Das zuständige Bezirksamt in Berlin-Friedrichshain-Kreuzberg hat den Antrag der Schule auf Kostenübernahme abgelehnt, da die Studienfahrt nach Brüssel nicht notwendig sei, um den Schulabschluss zu schaffen. Das EU-Parlament würde sich immerhin mit 120 Euro an den Kosten beteiligen. Dafür bekommt man aber keinen Dolmetscher für eine ganze Studienfahrt.

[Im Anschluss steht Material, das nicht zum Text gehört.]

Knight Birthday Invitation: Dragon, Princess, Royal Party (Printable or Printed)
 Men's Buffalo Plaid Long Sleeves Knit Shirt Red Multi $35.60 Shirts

Dolmetscher bedeuten Gleichberechtigung

„Ich habe zwei Dolmetscher im Unterricht, die für mich simultan übersetzen“, sagt Clara Belz. „Das ermöglicht mir, wie alle anderen am Unterricht teilzunehmen.“ Sie gehe gerne auf eine Regelschule, weil sie endlich das Gefühl habe, gleichberechtigt unterrichtet zu werden. Die Dolmetscher sind die Brücke zwischen ihr, den Lehrern und den Mitschülern. Und ausgerechnet diese Brücke will man ihr für die Studienfahrt nicht gewähren.

Europapolitik ist wichtig

„Die Reise ist wichtig für mich, da ich mich mit anderen im Kurs sehr intensiv mit Europapolitik auseinandersetze und ich durch die Reise mein Wissen mit anderen gleichberechtigt erweitern könnte“, sagt Clara Belz. „Europapolitik müsste eigentlich viel mehr Präsenz in allen Schulen erfahren, damit sich die Schüler dafür interessieren, was in Brüssel oder in Straßburg vor sich geht. Europa geht uns alle an.“

Das ist ein schönes Beispiel, wie Inklusion an Schulen nicht funktioniert. Wenn Inklusion nichts kosten darf, wird es keine gleichen Bildungschancen für behinderte und nichtbehinderte Schüler geben. Wir regen uns zu recht über Eltern auf, die aus kulturellen oder religiösen Gründen ihre Kinder nicht auf Klassenfahrten fahren lassen – weil Klassen- und Studienfahrten nun einmal nicht nur Spaß sind, sondern die Kinder Eindrücke fürs Leben sammeln, ihren Horizont erweitern, sich bilden. Aber es soll völlig in Ordnung sein, dass eine gehörlose Schülerin die Themen einer Studienfahrt nicht versteht, weil der Staat für die Assistenz die Kosten nicht tragen will?

Deutschland hat sich für Inklusion entschieden. Das, was das Bezirksamt entschieden hat, ist genau das Gegenteil davon.